Il nuovo sistema elettorale del Csm è oggetto del contributo di Silvio Troilo, il quale in esordio avverte: «come l'esperienza ha dimostrato, è illusorio pensare che il mutamento del sistema elettorale possa di per sé ridurre il potere delle correnti e risolvere i gravi problemi manifestatisi, specialmente negli ultimi anni, nel rapporto tra le correnti, i componenti del Csm è la stessa base della magistratura». All’esito della anali della nuova normativa l’A conclude: «In definitiva, pur con alcune criticità, al nuovo sistema elettorale va riconosciuto di consentire comunque una composizione del Csm sufficientemente pluralistica, con esponenti togati di diversa provenienza, non necessariamente espressione di gruppi organizzati. […] Il concreto funzionamento del nuovo sistema elettorale e, conseguentemente, del Csm dipenderà, comunque, non solo dalle regole, ma anche e soprattutto dalla tensione morale e dall’ impegno e attenzione costante di tutti gli attori, non solo i consiglieri, ma anche i magistrati, i parlamentari e gli stessi cittadini».

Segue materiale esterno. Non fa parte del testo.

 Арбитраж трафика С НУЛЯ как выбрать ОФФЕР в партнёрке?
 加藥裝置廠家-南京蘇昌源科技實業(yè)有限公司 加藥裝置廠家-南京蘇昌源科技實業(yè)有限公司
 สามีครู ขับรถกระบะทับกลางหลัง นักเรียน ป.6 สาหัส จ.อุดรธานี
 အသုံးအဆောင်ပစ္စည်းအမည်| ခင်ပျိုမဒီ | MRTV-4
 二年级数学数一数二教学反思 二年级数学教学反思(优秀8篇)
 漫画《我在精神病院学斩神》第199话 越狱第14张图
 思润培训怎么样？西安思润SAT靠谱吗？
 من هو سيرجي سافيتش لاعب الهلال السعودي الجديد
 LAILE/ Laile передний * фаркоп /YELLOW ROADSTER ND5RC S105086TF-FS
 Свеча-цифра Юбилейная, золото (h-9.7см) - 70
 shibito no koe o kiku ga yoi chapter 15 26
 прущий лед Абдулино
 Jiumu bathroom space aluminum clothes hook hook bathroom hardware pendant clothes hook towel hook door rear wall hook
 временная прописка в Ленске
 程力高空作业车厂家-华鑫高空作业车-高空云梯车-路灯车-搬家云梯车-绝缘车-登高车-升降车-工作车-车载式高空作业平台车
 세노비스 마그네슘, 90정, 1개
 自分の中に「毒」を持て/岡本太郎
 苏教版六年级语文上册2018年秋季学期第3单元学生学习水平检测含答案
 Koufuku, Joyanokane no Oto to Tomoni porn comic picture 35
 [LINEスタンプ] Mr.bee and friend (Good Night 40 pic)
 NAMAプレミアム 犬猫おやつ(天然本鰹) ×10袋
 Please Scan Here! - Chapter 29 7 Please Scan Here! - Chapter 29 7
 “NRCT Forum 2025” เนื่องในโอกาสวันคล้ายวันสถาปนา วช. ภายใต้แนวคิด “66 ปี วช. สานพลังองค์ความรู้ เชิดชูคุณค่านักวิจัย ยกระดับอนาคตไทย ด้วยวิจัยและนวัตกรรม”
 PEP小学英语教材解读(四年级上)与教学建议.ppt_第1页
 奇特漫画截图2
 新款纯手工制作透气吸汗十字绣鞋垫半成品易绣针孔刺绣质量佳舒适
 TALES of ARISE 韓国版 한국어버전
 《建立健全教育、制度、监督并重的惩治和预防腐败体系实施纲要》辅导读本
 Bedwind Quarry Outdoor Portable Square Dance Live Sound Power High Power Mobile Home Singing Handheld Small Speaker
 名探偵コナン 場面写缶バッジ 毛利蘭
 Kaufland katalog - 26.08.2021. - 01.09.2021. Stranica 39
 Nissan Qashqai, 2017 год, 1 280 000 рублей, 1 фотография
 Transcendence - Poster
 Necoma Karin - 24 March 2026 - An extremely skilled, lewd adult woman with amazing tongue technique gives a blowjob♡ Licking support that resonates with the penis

Il contributo finale di Daniele Butturini è dedicato al riassetto dell’ordinamento giudiziario militare.
Nel complesso il volume curato da Giampietro Ferri offre una preziosa, attenta ricognizione di tutti i vari aspetti della nuova normativa, che, unitamente al contributo critico di ciascuno degli Autori, sarà anche punto di riferimento per la valutazione della normativa delegata che sarà infine adottata.